A lot has piled up here about working without conventional jobs. Let’s see what it is.
Oldest is “Biden Proposal Could Lead to Employee Status for
Gig Workers” (Noam Scheiber, The New York Times, October 11th). That wouldn’t be wide open, but rather
“lowers the bar for that employee classification,” by incorporating “how much
control workers have over how they do their jobs and how much opportunity they
have to increase their earnings by doing things like offering new
services.” The piece, though, is more
about how current laws are often disobeyed by companies preferring workers to
be contractors. Consistently correct
categorization would do more for those with gigs than changing it. As for Megan Henney’s October 12th
Fox Business response that “Biden’s proposed gig worker rule could deal
a major blow to small businesses,” the end of slavery did that as well.
Also on the 11th, The New York Times told
us to “Meet the App That Helps Gig Workers Know How Much They Really Make”
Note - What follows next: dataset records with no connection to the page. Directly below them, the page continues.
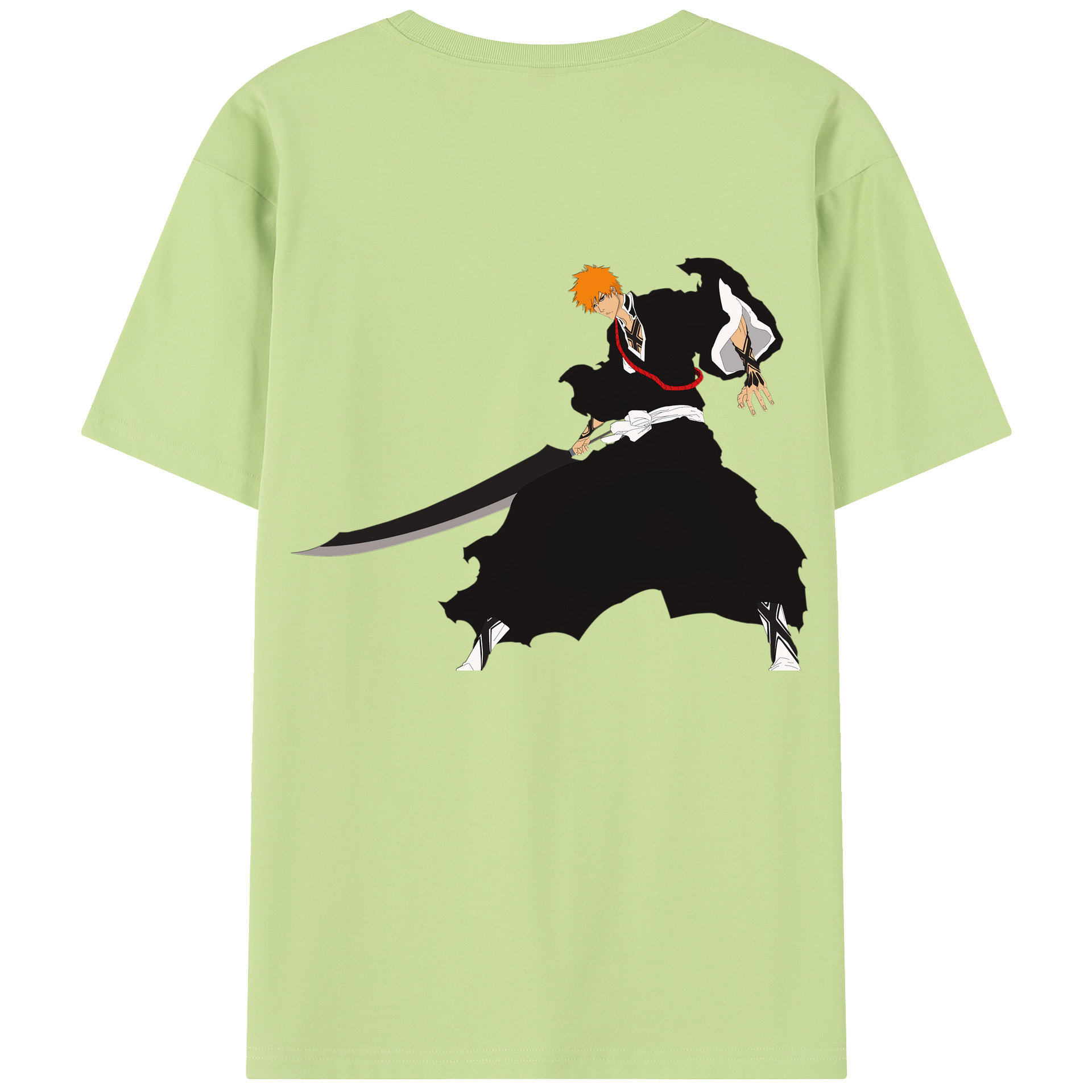 （画像用） ブリーチ 黒崎一護（くろさき いちご）BLEACH Kurosaki Ichigo 綿100％半袖Tシャツ（背面プリント）
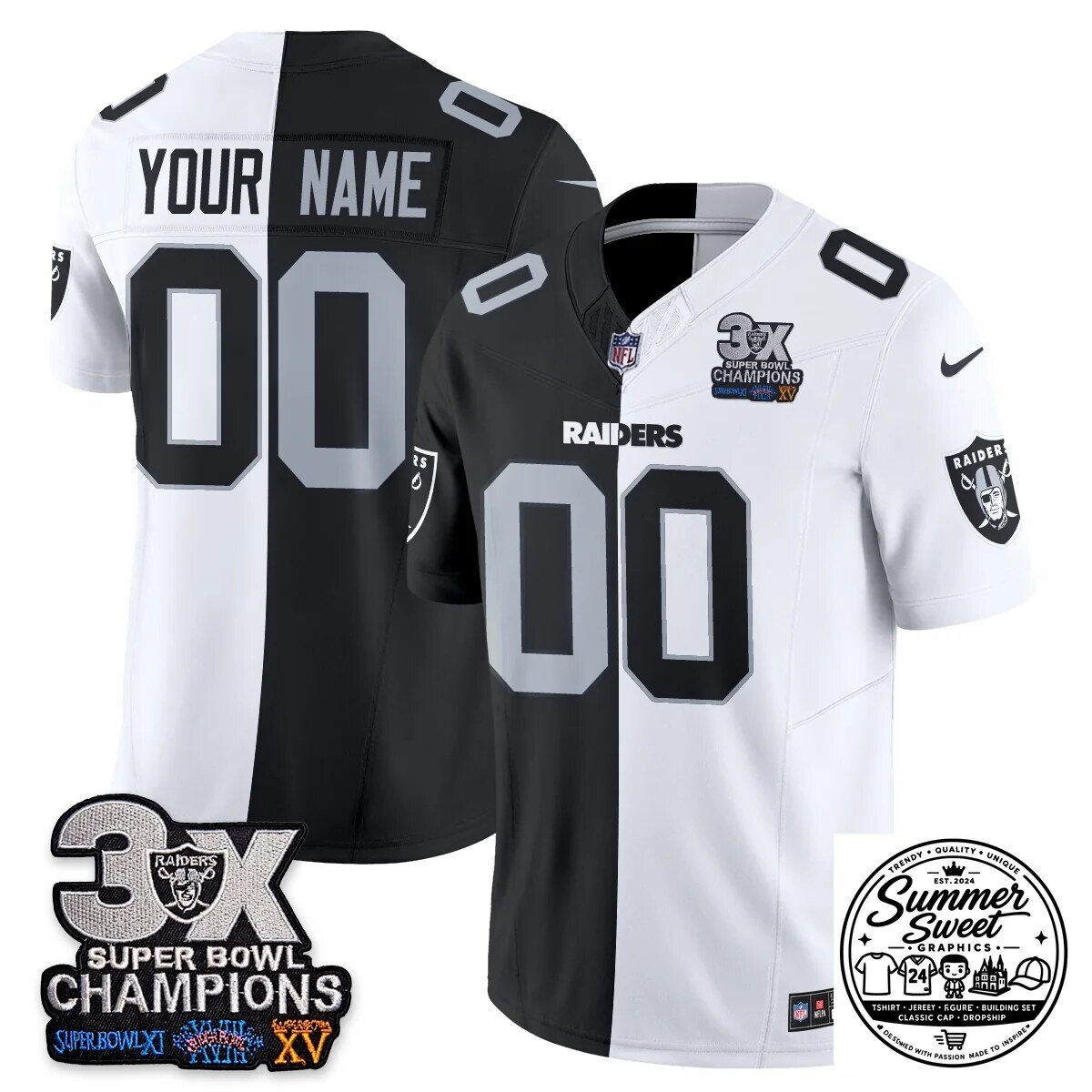 Las Vegas Raiders Super Bowl Champions Split Edition Vapor Football Jersey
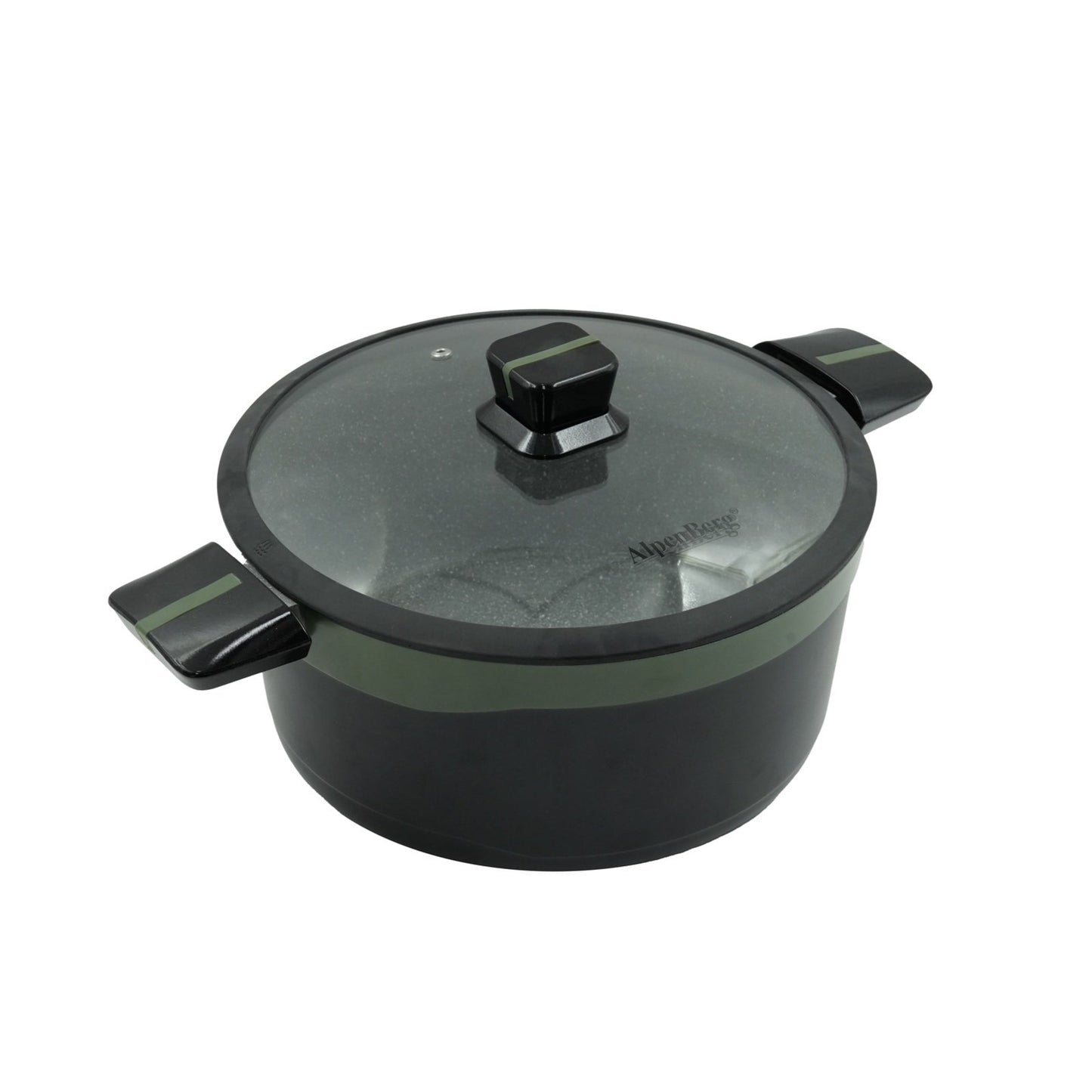 KC-60 Casserole – 28cm Green Granite Non-Stick Cooking Pot with Glass Lid – Large and Durable Cookware for Everyday Family Meals and Batch Cooking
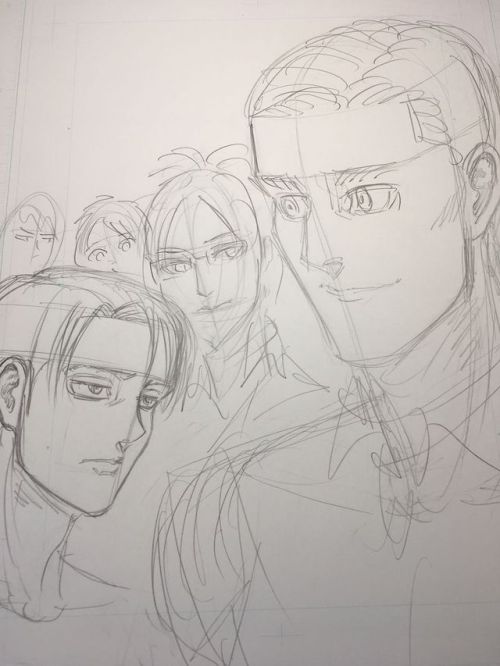 fuku-shuu:  SnK News: Isayama Hajime’s Original Sketches for the Cover of Bessatsu Shonen January 2018  Isayama has shared the original drafts for the Bessatsu Shonen 100th issue/January 2018 issue cover, featuring Erwin, Levi, Hanji, Eren, and Jean as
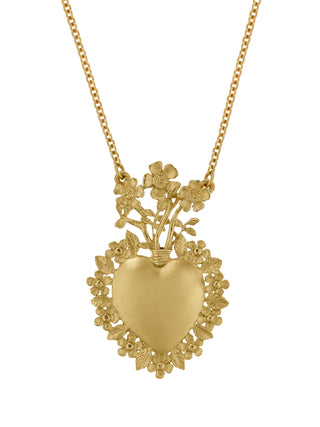 Floral Sacred Heart Necklace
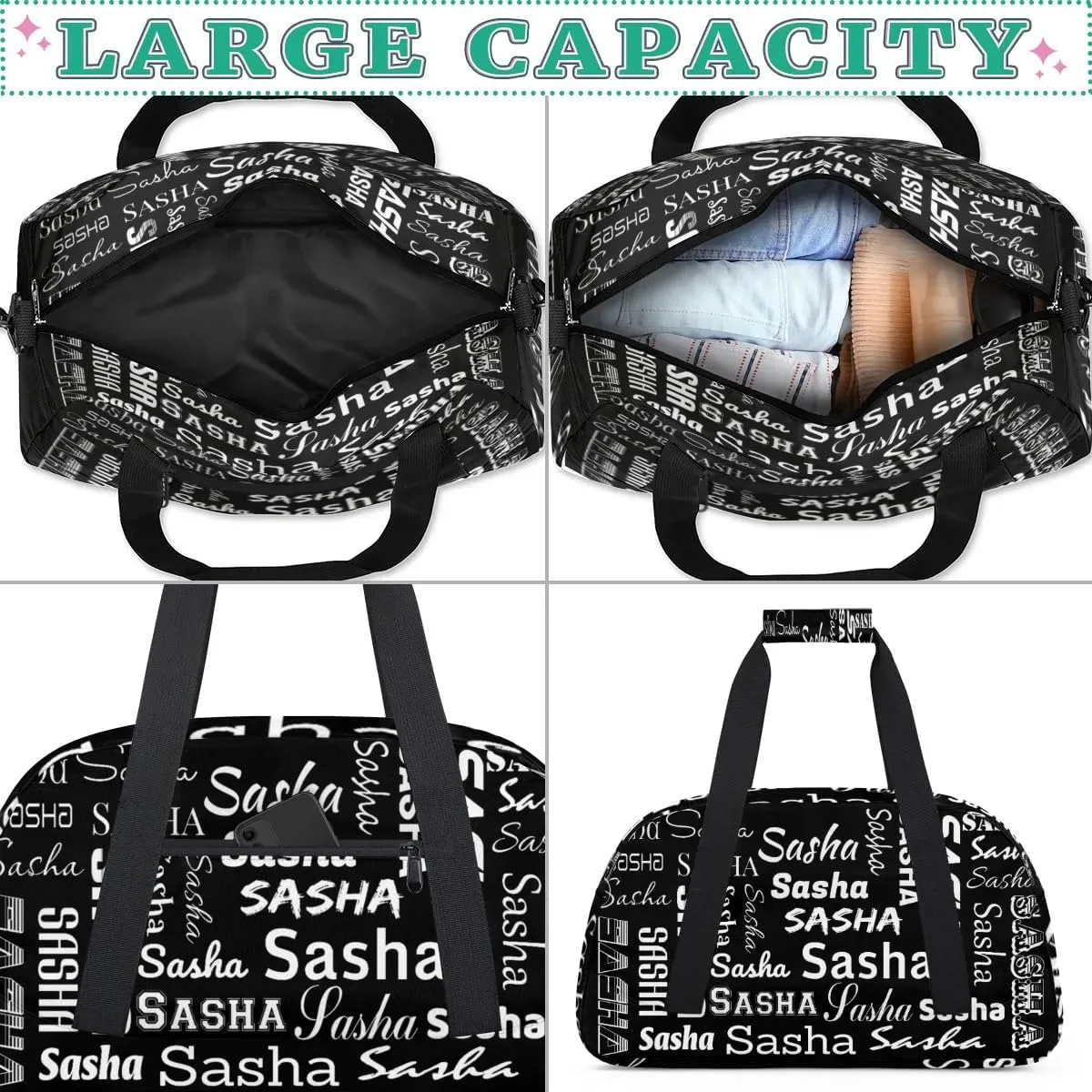 Custom Cheer Bag Dance Gym Bags for Women, Personalized Name Sport Duffel Bag Weekender Bags Travel Duffel Bags Black Personalized Gifts
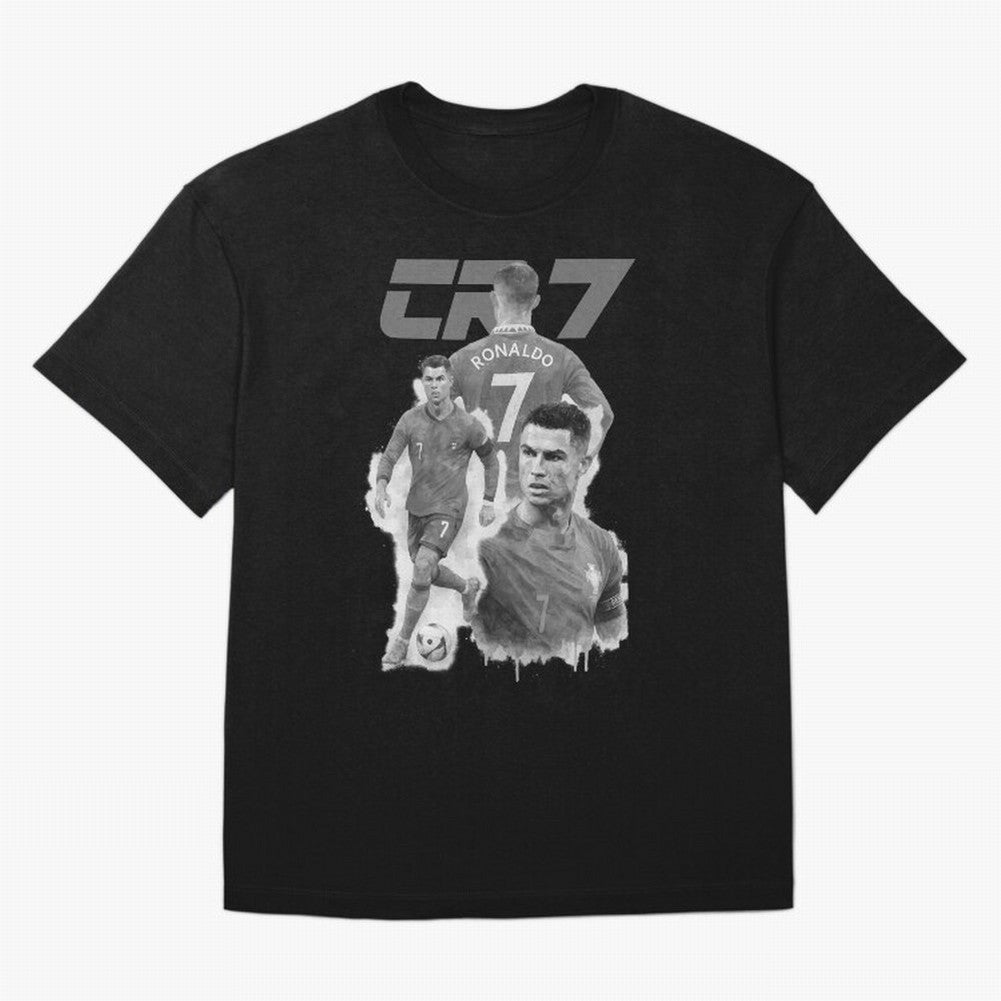 CR7 Cristiano Ronaldo illustration ink black white watercolour Oversized T-Shirt Relive FIFA World Cup 2026 USA Canada Mexico Spirit, Celebrating England, France and Netherlands, Neymar, Vintage Soccer Flavor, Modern Football Stars, National Flags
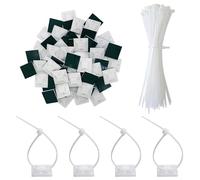 jatimdotin 200Pcs White Cable Ties, 150mm x 2.5mm Premium Nylon Zip Ties with Self-Adhesive Base, Cable Holder, Cable Ties Assortment for Home, Garden, Office and DIY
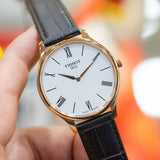Tissot Tradition 5.5 White Dial Brown Leather Strap Watch for Men - T063.409.36.018.00 Buy Now By Tissot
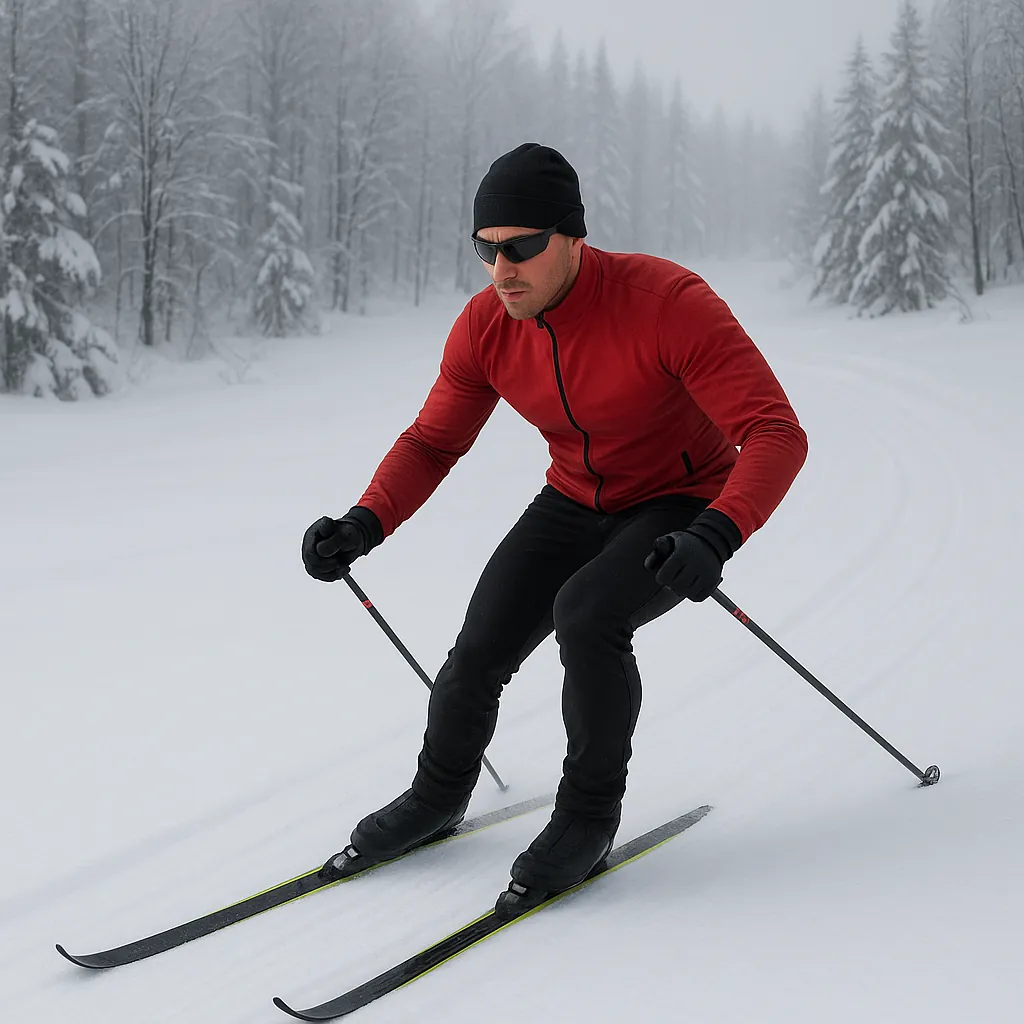 Play an online jigsaw puzzle in your browser that shows a winter sports scene set in nature, perfect for fans of skiing and snowy landscapes.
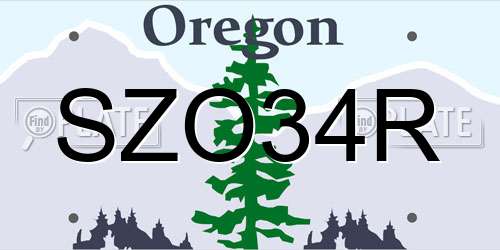 SZO34R Oregon License Plate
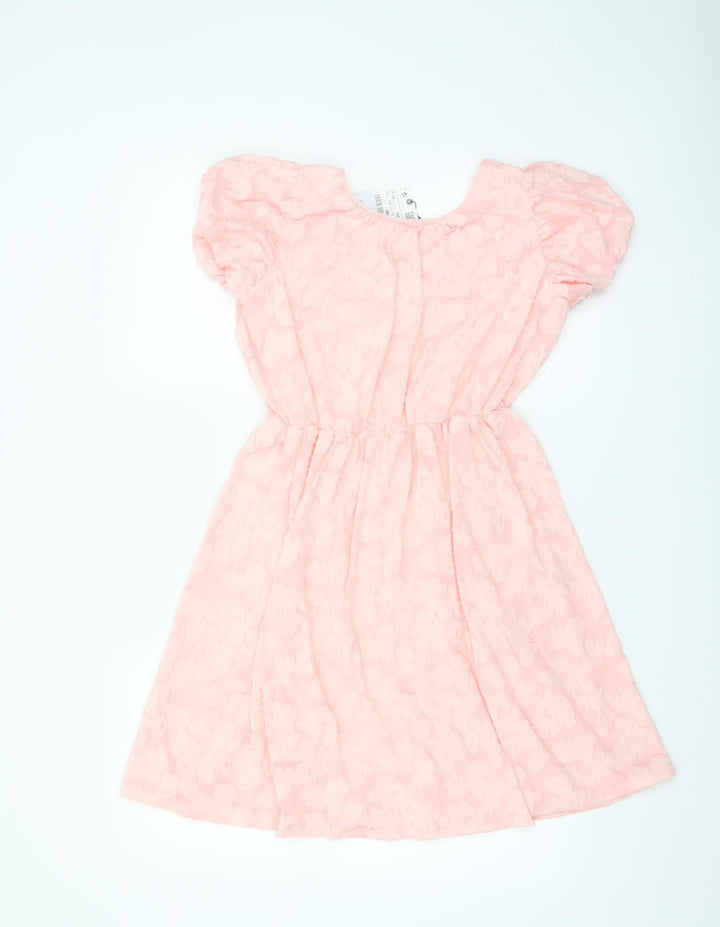 ZARA Girls Pink Bow Puff Sleeve Knee Length Dress Size 11-12 Years
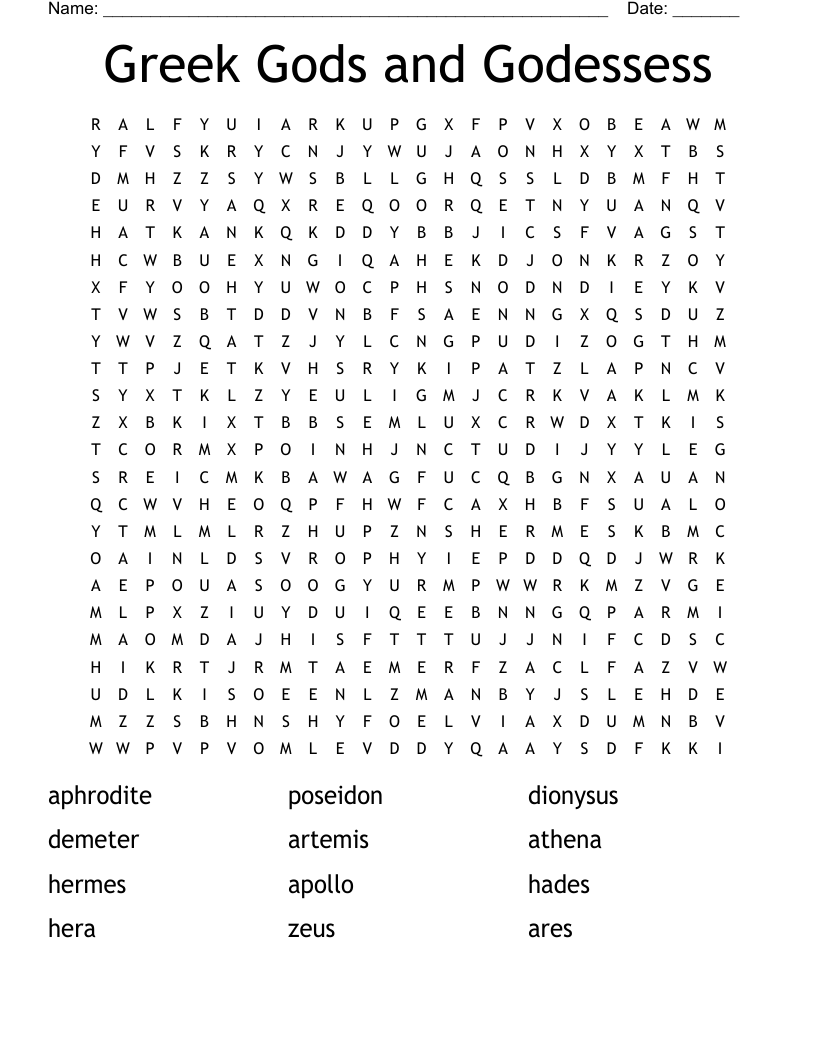 Greek Gods and Godessess Word Search
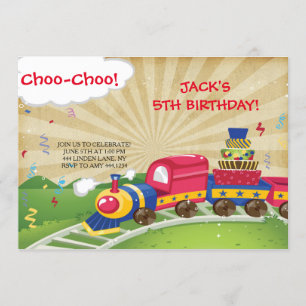Invitations de fête d'anniversaire du train Choo-C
(Erin Griffith). It’s Para. Not a cost-accounting product, but one that
gets into company databases and reveals how much workers will be paid, often
including tip amounts, so they can accept or refuse giving rides or delivering
restaurant orders. The product delighted
neither Uber nor DoorDash, who both sent Para “cease-and-desist letters.” Para provides information important enough
for one driver to report that “a no-tip order from Red Lobster could mean less
than $3 for 30 minutes of work during a peak time.” Overall, if companies freely provided this
information, there would be no need for anyone to get it any other way.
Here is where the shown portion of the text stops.